▶ **What is being asked**
Once the line with "Romeo's Gin 46%" is found in the entries below, repeat that line and every one after it exactly, ending at the last.

▶ **Data to examine**
————————
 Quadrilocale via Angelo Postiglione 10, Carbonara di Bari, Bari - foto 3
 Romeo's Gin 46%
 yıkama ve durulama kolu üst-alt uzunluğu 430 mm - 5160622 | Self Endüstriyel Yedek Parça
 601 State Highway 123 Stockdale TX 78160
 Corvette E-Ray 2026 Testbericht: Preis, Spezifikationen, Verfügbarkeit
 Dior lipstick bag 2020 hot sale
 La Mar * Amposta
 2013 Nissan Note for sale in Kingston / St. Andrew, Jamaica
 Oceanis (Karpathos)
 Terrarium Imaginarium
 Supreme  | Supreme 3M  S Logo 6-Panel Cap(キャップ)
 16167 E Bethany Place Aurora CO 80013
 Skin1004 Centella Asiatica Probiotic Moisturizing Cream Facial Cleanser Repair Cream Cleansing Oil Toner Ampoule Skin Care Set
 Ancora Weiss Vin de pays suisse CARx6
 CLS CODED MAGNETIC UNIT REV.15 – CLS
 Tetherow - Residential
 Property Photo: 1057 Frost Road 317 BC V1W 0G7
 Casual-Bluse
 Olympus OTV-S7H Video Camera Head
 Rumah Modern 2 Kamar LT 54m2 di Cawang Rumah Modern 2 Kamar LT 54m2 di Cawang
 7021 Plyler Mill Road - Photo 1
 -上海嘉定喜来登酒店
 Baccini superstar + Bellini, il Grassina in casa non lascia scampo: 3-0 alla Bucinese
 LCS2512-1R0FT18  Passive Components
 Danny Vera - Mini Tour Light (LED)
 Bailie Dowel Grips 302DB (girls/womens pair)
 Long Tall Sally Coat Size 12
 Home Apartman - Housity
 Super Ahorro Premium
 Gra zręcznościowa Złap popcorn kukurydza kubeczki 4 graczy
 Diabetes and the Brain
————————
▶ **Response to the task**
 Romeo's Gin 46%
 yıkama ve durulama kolu üst-alt uzunluğu 430 mm - 5160622 | Self Endüstriyel Yedek Parça
 601 State Highway 123 Stockdale TX 78160
 Corvette E-Ray 2026 Testbericht: Preis, Spezifikationen, Verfügbarkeit
 Dior lipstick bag 2020 hot sale
 La Mar * Amposta
 2013 Nissan Note for sale in Kingston / St. Andrew, Jamaica
 Oceanis (Karpathos)
 Terrarium Imaginarium
 Supreme  | Supreme 3M  S Logo 6-Panel Cap(キャップ)
 16167 E Bethany Place Aurora CO 80013
 Skin1004 Centella Asiatica Probiotic Moisturizing Cream Facial Cleanser Repair Cream Cleansing Oil Toner Ampoule Skin Care Set
 Ancora Weiss Vin de pays suisse CARx6
 CLS CODED MAGNETIC UNIT REV.15 – CLS
 Tetherow - Residential
 Property Photo: 1057 Frost Road 317 BC V1W 0G7
 Casual-Bluse
 Olympus OTV-S7H Video Camera Head
 Rumah Modern 2 Kamar LT 54m2 di Cawang Rumah Modern 2 Kamar LT 54m2 di Cawang
 7021 Plyler Mill Road - Photo 1
 -上海嘉定喜来登酒店
 Baccini superstar + Bellini, il Grassina in casa non lascia scampo: 3-0 alla Bucinese
 LCS2512-1R0FT18  Passive Components
 Danny Vera - Mini Tour Light (LED)
 Bailie Dowel Grips 302DB (girls/womens pair)
 Long Tall Sally Coat Size 12
 Home Apartman - Housity
 Super Ahorro Premium
 Gra zręcznościowa Złap popcorn kukurydza kubeczki 4 graczy
 Diabetes and the Brain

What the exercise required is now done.